Word for word, return the lines below from the first through the line that has "Royal Blue Plastic", dropping the pictures.

§ **PROVIDED MATERIAL**
★ ★ ★ ★ ★ ★ ★
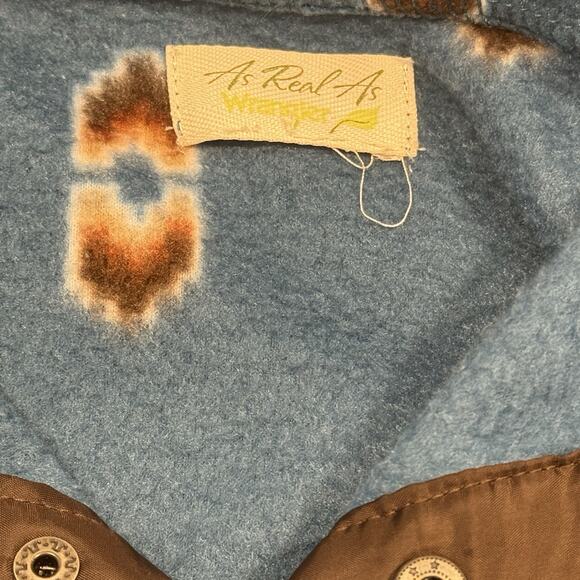Wrangler As Real As Mens Fleece Pullover Sweater Aztec Geometric Blue SZ 18H(L) - Picture 5 of 9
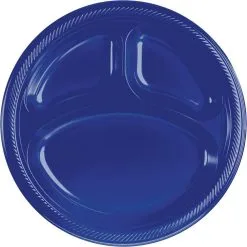 Royal Blue Plastic Divided Dinner Plates 20ct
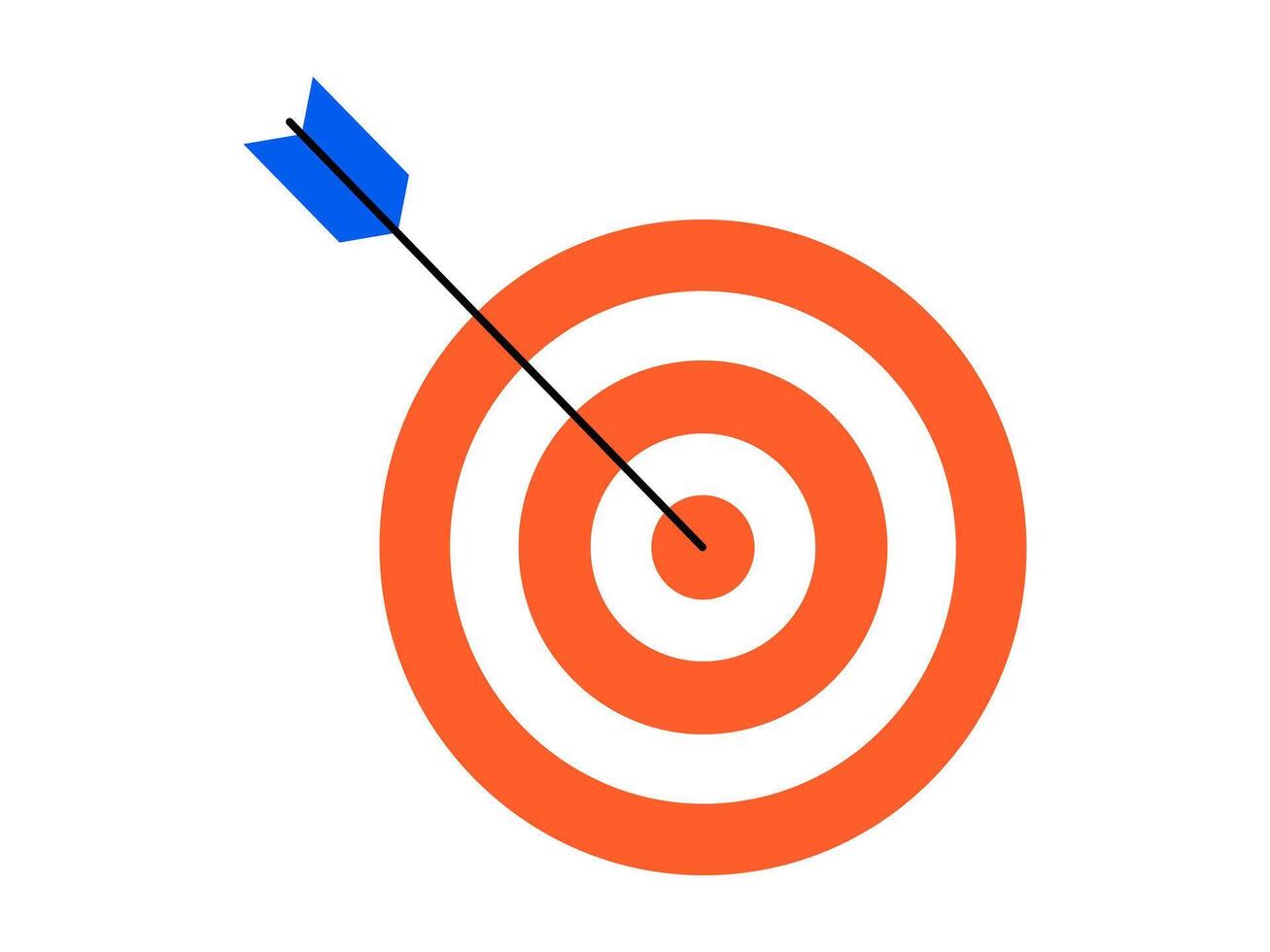 Hand drawn cute illustration of arrow hit center of target. Flat hit the bull's eye in doodle style. Successful business strategy icon. Goal achievement. Progress on work. Isolated. vector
★ ★ ★ ★ ★ ★ ★
§ **OUTPUT OF THE TASK**
Wrangler As Real As Mens Fleece Pullover Sweater Aztec Geometric Blue SZ 18H(L) - Picture 5 of 9
 Royal Blue Plastic Divided Dinner Plates 20ct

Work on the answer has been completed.